The company uses sensitivity analysis technology to analyze the reasonable and
possible changes of risk variables which may have an impact on current profits and
losses or shareholders'rights and interests. Since any risk variable seldom changes
in isolation, and the correlation between variables will have a significant impact on
the final amount of change in a risk variable, the following is assumed to be
independent of each variable.
10.1Risk management objectives and policies
The aim that company engaged in the risk management is to achieve the right
balance between risk and return. It reduce the negative impact on the risk of the
company's operating performance to the lowest level and maximize shareholder
interests and other interests of investors. The aim that risk management based on
the basic strategy of cpmpany’s risk management is to identify and analyze various
risks faced by the company. Establishment of appropriate risk limits and risk
management, as well as to monitor all kinds of risks that control it in a limited scope
timely and reliably.
(1)Credit risk
The company's credit risk is mainly reflected in the uncollectible accounts receivable.
In order to reduce credit risk, the company set up a team wresponsible for
determining the credit limit, credit approval, and other monitoring procedures to
ensure that the necessary measures to recover overdue debt. In addition, the
company reviews the recovery of each individual account receivable on each
balance sheet date to ensure that the uncollectible accounts are fully prepared.

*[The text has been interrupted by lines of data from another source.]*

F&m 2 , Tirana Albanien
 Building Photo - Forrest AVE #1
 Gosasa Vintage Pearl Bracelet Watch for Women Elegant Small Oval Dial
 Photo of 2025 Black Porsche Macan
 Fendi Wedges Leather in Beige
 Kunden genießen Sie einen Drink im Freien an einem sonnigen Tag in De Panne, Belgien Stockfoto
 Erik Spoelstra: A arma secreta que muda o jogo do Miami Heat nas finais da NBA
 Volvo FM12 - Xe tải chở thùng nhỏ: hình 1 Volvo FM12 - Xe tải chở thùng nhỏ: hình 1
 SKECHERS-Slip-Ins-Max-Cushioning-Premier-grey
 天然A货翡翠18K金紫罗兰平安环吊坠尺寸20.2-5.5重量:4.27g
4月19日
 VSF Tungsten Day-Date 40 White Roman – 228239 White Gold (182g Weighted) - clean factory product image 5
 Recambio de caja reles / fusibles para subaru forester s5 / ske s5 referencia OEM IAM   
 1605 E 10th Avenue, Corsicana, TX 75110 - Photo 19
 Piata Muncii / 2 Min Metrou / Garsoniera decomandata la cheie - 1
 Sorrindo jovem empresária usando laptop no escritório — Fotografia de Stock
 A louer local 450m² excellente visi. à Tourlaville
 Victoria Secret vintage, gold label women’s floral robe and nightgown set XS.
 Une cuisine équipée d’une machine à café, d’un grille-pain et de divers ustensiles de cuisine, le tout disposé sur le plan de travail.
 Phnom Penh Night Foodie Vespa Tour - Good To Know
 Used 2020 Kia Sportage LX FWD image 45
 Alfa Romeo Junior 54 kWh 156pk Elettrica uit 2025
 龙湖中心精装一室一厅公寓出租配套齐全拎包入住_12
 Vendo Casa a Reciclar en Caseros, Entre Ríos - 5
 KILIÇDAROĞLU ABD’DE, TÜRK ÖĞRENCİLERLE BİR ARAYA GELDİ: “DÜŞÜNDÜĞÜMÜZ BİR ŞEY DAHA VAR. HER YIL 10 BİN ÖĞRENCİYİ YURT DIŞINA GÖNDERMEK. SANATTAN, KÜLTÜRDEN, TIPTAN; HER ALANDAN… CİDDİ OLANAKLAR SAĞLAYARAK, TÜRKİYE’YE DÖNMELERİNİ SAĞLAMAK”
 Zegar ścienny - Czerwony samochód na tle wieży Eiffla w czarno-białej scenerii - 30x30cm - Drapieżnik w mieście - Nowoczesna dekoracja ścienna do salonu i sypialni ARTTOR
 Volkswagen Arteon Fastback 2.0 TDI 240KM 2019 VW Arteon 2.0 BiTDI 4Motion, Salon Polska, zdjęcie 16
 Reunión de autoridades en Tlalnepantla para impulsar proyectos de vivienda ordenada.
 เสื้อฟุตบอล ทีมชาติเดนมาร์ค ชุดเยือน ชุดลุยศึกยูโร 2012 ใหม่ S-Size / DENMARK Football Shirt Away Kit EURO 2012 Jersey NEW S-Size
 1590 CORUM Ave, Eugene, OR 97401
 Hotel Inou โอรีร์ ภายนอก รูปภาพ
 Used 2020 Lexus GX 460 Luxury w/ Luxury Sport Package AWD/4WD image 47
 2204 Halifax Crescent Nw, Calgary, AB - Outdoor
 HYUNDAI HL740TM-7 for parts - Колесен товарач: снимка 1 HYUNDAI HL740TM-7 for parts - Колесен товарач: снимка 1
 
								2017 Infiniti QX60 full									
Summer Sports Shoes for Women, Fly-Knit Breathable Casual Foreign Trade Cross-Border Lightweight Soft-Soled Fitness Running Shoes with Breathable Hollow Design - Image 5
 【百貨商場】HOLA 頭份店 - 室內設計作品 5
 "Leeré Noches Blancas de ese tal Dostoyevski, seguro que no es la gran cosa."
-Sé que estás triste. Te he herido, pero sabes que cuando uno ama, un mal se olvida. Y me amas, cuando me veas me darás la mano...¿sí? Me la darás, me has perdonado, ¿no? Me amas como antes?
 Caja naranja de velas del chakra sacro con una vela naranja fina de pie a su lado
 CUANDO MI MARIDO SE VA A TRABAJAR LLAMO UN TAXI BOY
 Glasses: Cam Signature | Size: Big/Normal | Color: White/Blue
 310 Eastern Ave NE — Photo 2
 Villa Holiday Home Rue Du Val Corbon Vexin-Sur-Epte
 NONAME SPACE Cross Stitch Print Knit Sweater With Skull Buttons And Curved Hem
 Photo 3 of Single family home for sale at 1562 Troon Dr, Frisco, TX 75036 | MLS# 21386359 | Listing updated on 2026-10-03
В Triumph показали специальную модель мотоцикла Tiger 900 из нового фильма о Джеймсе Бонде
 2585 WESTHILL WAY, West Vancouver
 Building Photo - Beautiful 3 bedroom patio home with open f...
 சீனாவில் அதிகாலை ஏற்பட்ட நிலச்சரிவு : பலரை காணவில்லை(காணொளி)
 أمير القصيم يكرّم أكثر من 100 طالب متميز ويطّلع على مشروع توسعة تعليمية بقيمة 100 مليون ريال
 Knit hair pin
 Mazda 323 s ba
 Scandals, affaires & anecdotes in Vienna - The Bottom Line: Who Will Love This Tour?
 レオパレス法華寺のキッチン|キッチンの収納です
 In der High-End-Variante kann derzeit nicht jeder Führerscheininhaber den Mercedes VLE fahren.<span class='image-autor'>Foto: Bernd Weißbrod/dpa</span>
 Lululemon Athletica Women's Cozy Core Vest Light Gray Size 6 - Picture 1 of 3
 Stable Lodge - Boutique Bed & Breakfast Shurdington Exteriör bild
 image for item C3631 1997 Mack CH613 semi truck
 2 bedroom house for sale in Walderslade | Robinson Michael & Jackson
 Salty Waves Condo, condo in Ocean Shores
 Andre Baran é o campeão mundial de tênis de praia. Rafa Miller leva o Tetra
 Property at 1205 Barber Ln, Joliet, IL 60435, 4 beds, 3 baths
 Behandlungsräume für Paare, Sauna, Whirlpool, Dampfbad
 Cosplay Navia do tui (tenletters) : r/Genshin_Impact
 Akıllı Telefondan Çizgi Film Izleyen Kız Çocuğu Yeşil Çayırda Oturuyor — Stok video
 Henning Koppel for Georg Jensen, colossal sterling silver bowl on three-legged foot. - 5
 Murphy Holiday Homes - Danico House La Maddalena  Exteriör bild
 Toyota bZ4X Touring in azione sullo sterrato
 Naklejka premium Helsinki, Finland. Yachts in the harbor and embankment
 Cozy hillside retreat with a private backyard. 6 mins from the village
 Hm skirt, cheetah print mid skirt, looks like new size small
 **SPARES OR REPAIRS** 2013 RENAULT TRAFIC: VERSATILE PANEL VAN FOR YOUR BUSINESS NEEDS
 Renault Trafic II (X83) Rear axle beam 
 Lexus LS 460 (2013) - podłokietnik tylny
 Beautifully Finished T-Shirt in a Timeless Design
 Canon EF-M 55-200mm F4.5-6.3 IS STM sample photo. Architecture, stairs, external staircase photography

Therefore, the company's management believes that the company's credit risk has
been greatly reduced.
The company's liquidity is deposited in a bank with a higher credit rating, so the
liquidity of the credit risk is low.
(2)Liquidity risk
In the management of liquidity risk, the company maintains the concept of
management that adequate cash and cash equivalents, monitoring it to meet the
company's business needs and reducing the impact of cash flow fluctuations.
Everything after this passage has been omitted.